[PATCH] riscv: Implement LR+WRS-based smp_cond_load_{relaxed,acquire}()

From: Andrea Parri
Date: Tue Oct 17 2023 - 20:22:28 EST


The Zawrs extension defines instructions allowing a core to enter
a low-power state and wait on a store to a memory location.

Introduce the Zawrs-instruction WRS.STO and use it in the polling
loops of the macros smp_cond_load_{relaxed,acquire}().

Signed-off-by: Andrea Parri <parri.andrea@xxxxxxxxx>
[based on the arm64 implementation and work from Heiko and Christoph]
---
arch/riscv/Kconfig | 14 +++++++++
arch/riscv/include/asm/barrier.h | 26 ++++++++++++++++
arch/riscv/include/asm/cmpxchg.h | 51 +++++++++++++++++++++++++++++++
arch/riscv/include/asm/hwcap.h | 3 +-
arch/riscv/include/asm/insn-def.h | 2 ++
arch/riscv/kernel/cpufeature.c | 1 +
6 files changed, 95 insertions(+), 2 deletions(-)

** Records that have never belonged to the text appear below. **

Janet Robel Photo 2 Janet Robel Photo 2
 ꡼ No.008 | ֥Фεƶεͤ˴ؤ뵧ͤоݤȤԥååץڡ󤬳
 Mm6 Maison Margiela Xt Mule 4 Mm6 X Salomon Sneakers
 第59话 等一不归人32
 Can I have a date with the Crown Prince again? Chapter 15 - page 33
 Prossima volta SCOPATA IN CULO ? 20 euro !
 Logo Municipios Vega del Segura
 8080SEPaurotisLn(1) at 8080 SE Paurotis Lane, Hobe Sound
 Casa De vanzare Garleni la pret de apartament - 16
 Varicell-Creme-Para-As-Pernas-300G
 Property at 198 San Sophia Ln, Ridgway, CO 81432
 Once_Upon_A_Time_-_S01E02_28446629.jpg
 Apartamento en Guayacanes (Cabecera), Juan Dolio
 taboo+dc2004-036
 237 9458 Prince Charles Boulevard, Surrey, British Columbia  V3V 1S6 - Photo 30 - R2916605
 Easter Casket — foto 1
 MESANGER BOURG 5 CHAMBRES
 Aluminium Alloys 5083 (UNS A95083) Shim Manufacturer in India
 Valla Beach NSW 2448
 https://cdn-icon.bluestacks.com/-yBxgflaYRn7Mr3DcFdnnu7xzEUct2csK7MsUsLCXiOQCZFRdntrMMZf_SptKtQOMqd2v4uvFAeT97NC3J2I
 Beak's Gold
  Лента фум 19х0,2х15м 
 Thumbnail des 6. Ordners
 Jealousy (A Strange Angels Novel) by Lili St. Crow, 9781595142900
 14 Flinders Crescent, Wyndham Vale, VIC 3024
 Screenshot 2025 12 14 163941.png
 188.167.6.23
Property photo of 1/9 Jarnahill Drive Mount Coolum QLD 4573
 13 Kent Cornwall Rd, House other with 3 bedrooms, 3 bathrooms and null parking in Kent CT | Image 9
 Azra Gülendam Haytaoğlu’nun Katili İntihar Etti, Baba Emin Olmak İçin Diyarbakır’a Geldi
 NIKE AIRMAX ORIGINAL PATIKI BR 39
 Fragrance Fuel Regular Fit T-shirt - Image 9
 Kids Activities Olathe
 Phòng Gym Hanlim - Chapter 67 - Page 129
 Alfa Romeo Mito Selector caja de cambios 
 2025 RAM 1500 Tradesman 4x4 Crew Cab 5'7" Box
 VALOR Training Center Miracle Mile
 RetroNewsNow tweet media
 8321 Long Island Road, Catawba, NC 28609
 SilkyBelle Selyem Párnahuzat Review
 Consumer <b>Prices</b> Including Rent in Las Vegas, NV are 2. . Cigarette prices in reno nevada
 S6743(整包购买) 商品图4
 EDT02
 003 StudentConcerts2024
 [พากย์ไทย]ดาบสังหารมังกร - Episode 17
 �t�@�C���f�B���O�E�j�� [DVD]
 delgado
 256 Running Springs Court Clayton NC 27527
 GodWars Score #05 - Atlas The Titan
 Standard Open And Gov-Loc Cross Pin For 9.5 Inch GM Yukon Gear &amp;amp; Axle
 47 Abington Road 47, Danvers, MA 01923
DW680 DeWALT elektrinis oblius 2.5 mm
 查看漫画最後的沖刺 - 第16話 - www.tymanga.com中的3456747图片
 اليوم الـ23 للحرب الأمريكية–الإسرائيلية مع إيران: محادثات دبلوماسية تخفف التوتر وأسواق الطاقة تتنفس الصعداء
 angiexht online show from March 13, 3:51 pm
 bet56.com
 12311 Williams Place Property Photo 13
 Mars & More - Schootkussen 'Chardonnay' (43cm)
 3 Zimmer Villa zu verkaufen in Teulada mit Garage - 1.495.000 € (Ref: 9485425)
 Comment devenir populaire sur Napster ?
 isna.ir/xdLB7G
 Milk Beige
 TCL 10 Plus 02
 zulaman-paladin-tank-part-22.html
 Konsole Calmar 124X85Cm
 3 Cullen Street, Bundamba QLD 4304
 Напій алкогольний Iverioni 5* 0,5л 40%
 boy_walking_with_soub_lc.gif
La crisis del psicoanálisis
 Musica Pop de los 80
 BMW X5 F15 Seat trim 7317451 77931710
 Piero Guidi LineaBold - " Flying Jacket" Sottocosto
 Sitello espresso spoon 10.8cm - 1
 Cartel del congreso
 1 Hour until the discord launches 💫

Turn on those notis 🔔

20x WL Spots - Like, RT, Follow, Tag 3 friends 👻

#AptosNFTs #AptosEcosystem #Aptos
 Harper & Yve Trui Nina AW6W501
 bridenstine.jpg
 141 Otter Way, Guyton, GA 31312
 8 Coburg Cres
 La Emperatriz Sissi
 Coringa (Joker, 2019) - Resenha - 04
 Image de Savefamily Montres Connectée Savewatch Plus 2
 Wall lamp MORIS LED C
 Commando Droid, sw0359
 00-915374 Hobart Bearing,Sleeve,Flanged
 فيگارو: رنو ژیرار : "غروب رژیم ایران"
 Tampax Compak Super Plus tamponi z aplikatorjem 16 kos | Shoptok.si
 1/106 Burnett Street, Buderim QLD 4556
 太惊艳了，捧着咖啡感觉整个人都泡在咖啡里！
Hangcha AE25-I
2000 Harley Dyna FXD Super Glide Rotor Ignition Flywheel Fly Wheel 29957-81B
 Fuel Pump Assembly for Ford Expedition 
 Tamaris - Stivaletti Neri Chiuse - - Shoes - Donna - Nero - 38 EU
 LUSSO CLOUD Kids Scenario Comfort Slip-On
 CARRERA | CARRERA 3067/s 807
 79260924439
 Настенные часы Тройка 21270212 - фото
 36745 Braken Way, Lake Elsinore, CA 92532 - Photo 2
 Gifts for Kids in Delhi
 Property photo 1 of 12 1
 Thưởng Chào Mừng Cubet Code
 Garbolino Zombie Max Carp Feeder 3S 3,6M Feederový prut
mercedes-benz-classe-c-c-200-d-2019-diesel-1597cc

diff --git a/arch/riscv/Kconfig b/arch/riscv/Kconfig
index d607ab0f7c6da..ff49f90d175ba 100644
--- a/arch/riscv/Kconfig
+++ b/arch/riscv/Kconfig
@@ -489,6 +489,20 @@ config RISCV_ISA_SVPBMT

If you don't know what to do here, say Y.

+config RISCV_ISA_ZAWRS
+ bool "Zawrs extension support for wait-on-reservation-set instructions"
+ depends on RISCV_ALTERNATIVE
+ default y
+ help
+ Adds support to dynamically detect the presence of the Zawrs
+ extension and enable its usage.
+
+ The Zawrs extension defines a pair of instructions to be used
+ in polling loops that allows a core to enter a low-power state
+ and wait on a store to a memory location.
+
+ If you don't know what to do here, say Y.
+
config TOOLCHAIN_HAS_V
bool
default y
diff --git a/arch/riscv/include/asm/barrier.h b/arch/riscv/include/asm/barrier.h
index 110752594228e..7ab7a28e72210 100644
--- a/arch/riscv/include/asm/barrier.h
+++ b/arch/riscv/include/asm/barrier.h
@@ -71,6 +71,32 @@ do { \
*/
#define smp_mb__after_spinlock() RISCV_FENCE(iorw,iorw)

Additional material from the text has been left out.